LAW REGARDING MODIFICATION OF SCHEDULING ORDERS

"The District Court has wide discretion in its regulation of pretrial matters." Si-Flo, Inc. v. SFHC, Inc., 917 F.2d 1507, 1514 (10th Cir. 1990). Scheduling orders, however, "may be modified only for good cause and with the judge's consent." Fed. R. Civ. P. 16(b)(4). Accord Street v. Curry Bd. of Cnty. Comm'rs, No. CIV 06-0776 JB/KBM, 2008 WL 2397671, at *6 (D.N.M. Jan. 30, 2008)(Browning, J.). The advisory committee notes to rule 16 observe:

[T]he court may modify the schedule on a showing of good cause if it cannot reasonably be met despite the diligence of the party seeking the extension. Since the scheduling order is entered early in the litigation, this standard seems more appropriate than a "manifest injustice" or "substantial hardship" test. Otherwise, a fear that extensions will not be granted may encourage counsel to request the longest possible periods for completing pleading, joinder, and discovery.
Fed.R.Civ.P. 16(b)(4) advisory committee's note to 1983 amendment.

The United States Court of Appeals for the Tenth Circuit has held that the concepts of good cause, excusable neglect, and diligence are related. "The Tenth Circuit . . . has recognized the interrelation between 'excusable neglect' and 'good cause.'" Pulsecard, Inc. v.
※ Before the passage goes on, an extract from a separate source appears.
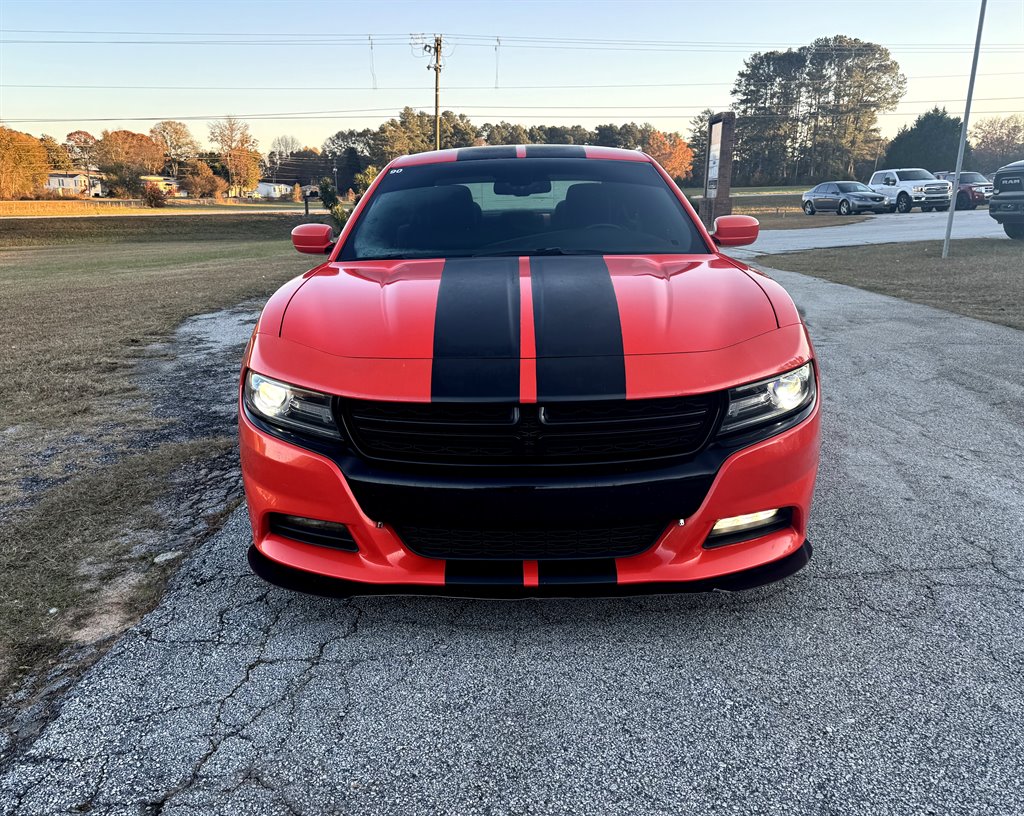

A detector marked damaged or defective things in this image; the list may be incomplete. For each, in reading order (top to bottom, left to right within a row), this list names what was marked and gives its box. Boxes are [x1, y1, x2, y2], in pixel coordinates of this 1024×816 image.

Discover Card Servs. Inc., 168 F.R.D. 295, 301 (D.Kan. 1996)(citing In re Kirkland, 86 F.3d 172, 175 (10th Cir. 1996)). "Properly construed, 'good cause' means that scheduling deadlines cannot be met despite a party's diligent efforts." Street v. Curry Bd. of Cnty. Comm'rs, 2008 WL 2397671, at *6. See Advanced Optics Electronics, Inc. v. Robins, 769 F. Supp. 2d 1285, 1313 (D.N.M. 2010)(Browning, J.)(noting that the "rule 16(b) good-cause inquiry focuses on the diligence of the party seeking [to] amend the scheduling order."). In In re Kirkland, the Tenth Circuit dealt with the definition of "good cause" in the context of rule 4(j) and noted:

[W]ithout attempting a rigid or all-encompassing definition of 'good cause,' it would appear to require at least as much as would be required to show excusable neglect, as to which simple inadvertence or mistake of counsel or ignorance of the rules usually does not suffice, and some showing of 'good faith on the part of the party seeking the enlargement and some reasonable basis for noncompliance within the time specified' is normally required.
86 F.3d at 175 (emphasis in original)(quoting Putnam v. Morris, 833 F.2d 903, 905 (10th Cir. 1987))(internal quotation marks omitted). The Tenth Circuit explained that Putnam v. Morris "thus recognized that the two standards, although interrelated, are not identical and that 'good cause' requires a greater showing than 'excusable neglect.'" In re Kirkland, 86 F.3d at 175.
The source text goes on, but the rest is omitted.